--- START ---
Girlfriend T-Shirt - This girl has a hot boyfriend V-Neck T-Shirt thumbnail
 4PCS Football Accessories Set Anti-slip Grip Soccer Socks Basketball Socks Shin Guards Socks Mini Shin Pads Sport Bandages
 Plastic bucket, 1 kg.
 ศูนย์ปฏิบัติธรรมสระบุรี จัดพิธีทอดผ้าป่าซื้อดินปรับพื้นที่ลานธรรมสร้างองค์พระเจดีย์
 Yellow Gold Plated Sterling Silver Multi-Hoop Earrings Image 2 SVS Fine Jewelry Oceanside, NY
--- END ---
# [Exercise brief]
The answer consists of the whole listing, restated exactly.

# [Result for this exercise]
Girlfriend T-Shirt - This girl has a hot boyfriend V-Neck T-Shirt thumbnail
 4PCS Football Accessories Set Anti-slip Grip Soccer Socks Basketball Socks Shin Guards Socks Mini Shin Pads Sport Bandages
 Plastic bucket, 1 kg.
 ศูนย์ปฏิบัติธรรมสระบุรี จัดพิธีทอดผ้าป่าซื้อดินปรับพื้นที่ลานธรรมสร้างองค์พระเจดีย์
 Yellow Gold Plated Sterling Silver Multi-Hoop Earrings Image 2 SVS Fine Jewelry Oceanside, NY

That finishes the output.